LONDON: Raw sugar prices hit a one-week low on Monday as the premium for white versus raws collapsed, indicating weak demand from end-use sectors.
SUGAR
* May raw sugar fell 0.02 cent, or 0.2 percent, to 12.55 cents per lb at 1355 GMT.
* The contract shed 1.6 percent last month and has traded at between 12 and 13 cents for the most of 2019.
* May white sugar was up $1.9, or 0.6 percent, at $327 per tonne, having hit its lowest since Oct 1 at $320.70.
* The premium for May white sugar over May raws fell sharply last month to around $50 a tonne from about $65 a month earlier. The low premium was seen curbing refineries’ demand for raws.
* “This drop started with whites, now we (will) see raws follow. Refineries need a whites premium of over 70 or 80 (dollars),” said Claudiu Covrig, analyst at S&P Global Platts.
* Limiting losses in sugar, the Brazilian real rose versus the dollar, discouraging producer selling of dollar-priced sugar.
* Speculators increased their net short position in raw sugar futures on ICE by 6,144 contracts to 129,328 in the week to March 26.
* Egypt’s state buyer the Sugar and Integrated Industries Company ESIIC is seeking 50,000 tonnes of raw cane sugar in a tender.
* French sugar group Tereos will pay sugar beet farmers in more instalments this season than previously as it struggles with a market slump that it expects will lead to a full-year loss.
COFFEE
* May arabica coffee fell 0.65 cent, or 0.69 percent, to 93.85 cents per lb.

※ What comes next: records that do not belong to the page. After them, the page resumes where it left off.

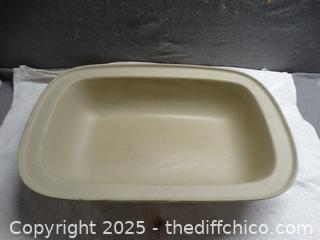 Pampered Chef Stoneware Classics Collection 
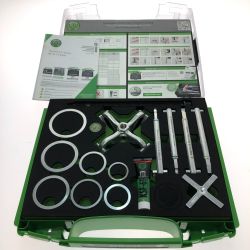 □□ KUKKO ボールベアリングプーラーセット K-70-B グリーン Bランク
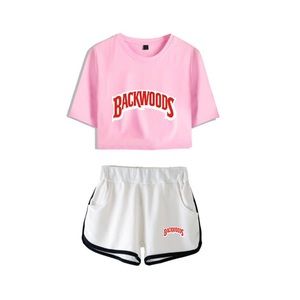 Backwoods women set shorts/ shirt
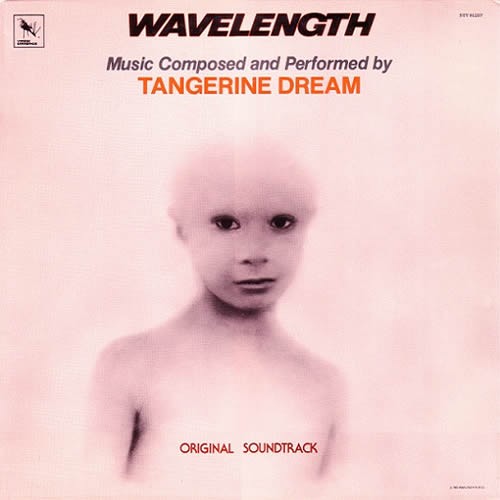 Portada del álbum Wavelength: Original Soundtrack de Tangerine Dream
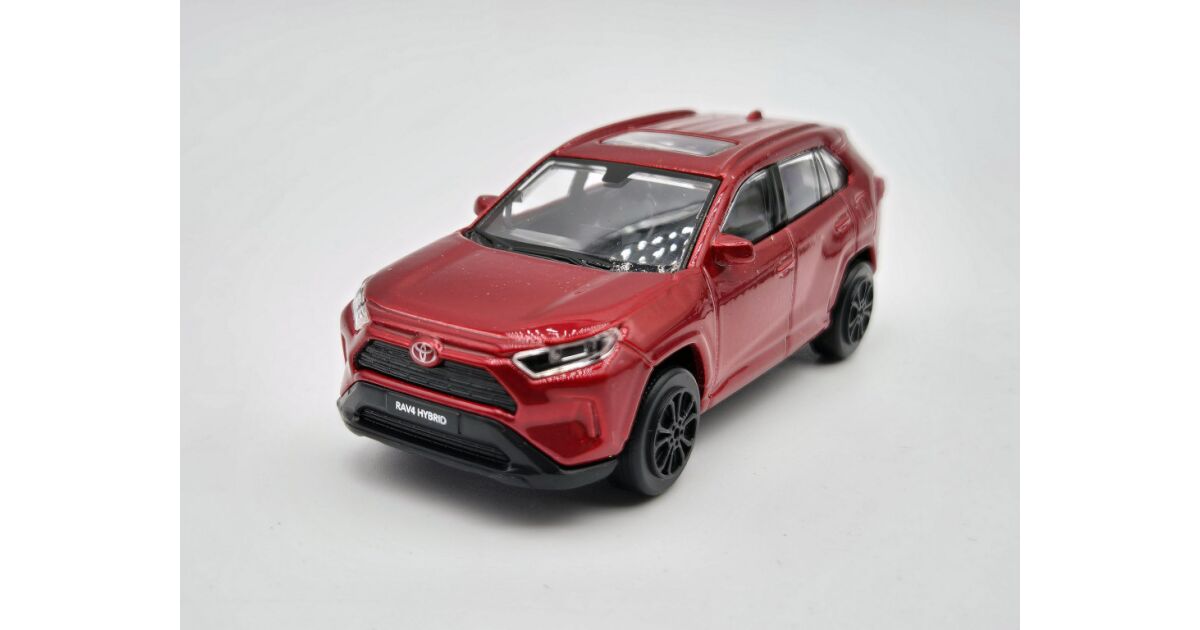 TOYOTA RAV4 2022 RED MET 1/43 BURAGO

* The monthly contract shed 4.1 percent in March, after falling 9.7 percent in February, weighed by excess supplies.
* “The market is oversold and should correct upwards in the short term,” said broker Marex Spectron, citing a currency impact analysis.
* May robusta coffee was down $3, or 0.21 percent, at $1,453 per tonne.
* Indonesia’s exports of Sumatra robusta coffee beans in March rose 6 percent to 6,563.4 tonnes from the same period last year.
COCOA
* London May cocoa rose 16 pounds, or 0.93 percent, to 1,744 pounds per tonne, while May New York cocoa rose $36, or 1.6 percent, to $2,316 per tonne.
* The New York contract gained 1.5 percent last month, its second straight month of gains.
* Cocoa arrivals at ports in top grower Ivory Coast reached 1.697 million tonnes between Oct. 1 and March 31, exporters estimated, up about 13 percent year on year.